The eigenfunction equation is $$ x^2\varphi''+x\varphi'+\lambda\varphi=0 \\ x\varphi''+\varphi'+\lambda\frac{1}{x}\varphi =0 \\ -\frac{d}{dx}\left(x\frac{d}{dx}\varphi\right)=\lambda\frac{1}{x}\varphi. $$ So the Sturm-Liouville problem is studied on $L^2_{\sigma}[0,1]$ where $\sigma=1/x$. To be specific, the inner product on this space is $$ (f,g)_{\sigma} = \int_{1}^{2}f(x)\overline{g(x)}\frac{1}{x}dx. $$ Here $p(x)=x$ and $q(x)=0$.
The problem is a regular problem because the interval is $[1,2]$ where $p$ does not vanish and the coefficients are non-singular.

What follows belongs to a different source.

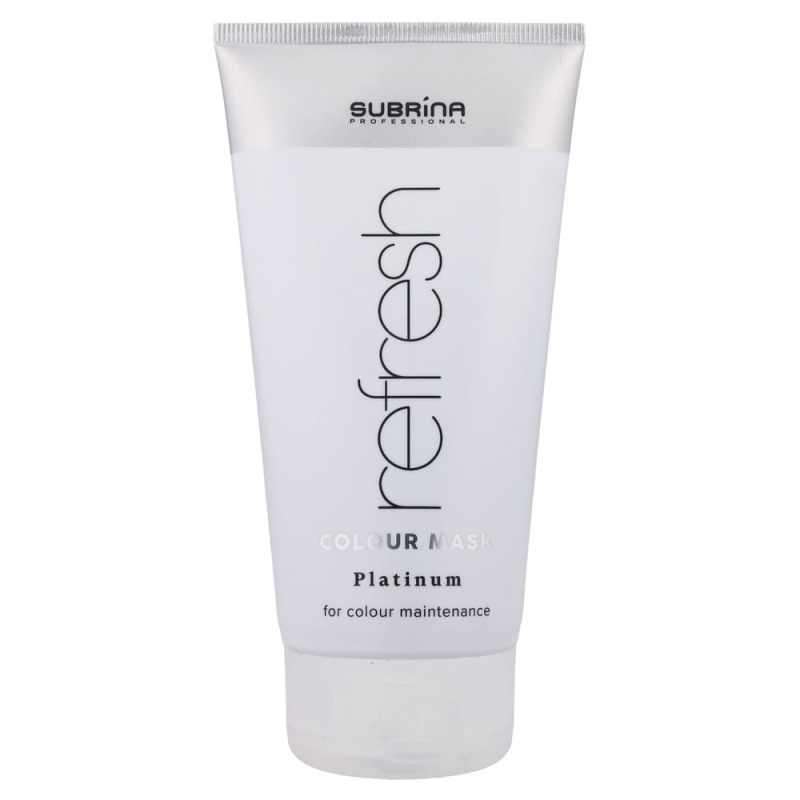 Subrina Refresh Colour Mask Maska koloryzująca do włosów 150ml platyna.jpg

By the way, there is a nice trick for getting rid of $p$ from such problems: make the substitution $$ \varphi(x) = \psi\left(\int\frac{1}{p}dx\right) $$ Then $p\frac{d}{dx}\varphi(x)= \psi'\left(\int\frac{1}{p}dx\right)$. In this case the substitution works out really well because the weight $\sigma$ is the reciprocal of $p$: $$ -\frac{1}{x}\psi''\left(\int\frac{1}{p}dx\right)=\lambda\frac{1}{x}\psi\left(\int\frac{1}{p}dx\right) \\ -\psi''(y) = \lambda \psi(y). $$ Here, $y=\int\frac{1}{x}dx=\ln(x)$ ranges over $[0,\ln(2)]$ as $x$ ranges over $[1,2]$. And, when you make the substitution, you're now working on $L^2[0,\ln(2)]$ where the weight is now unity.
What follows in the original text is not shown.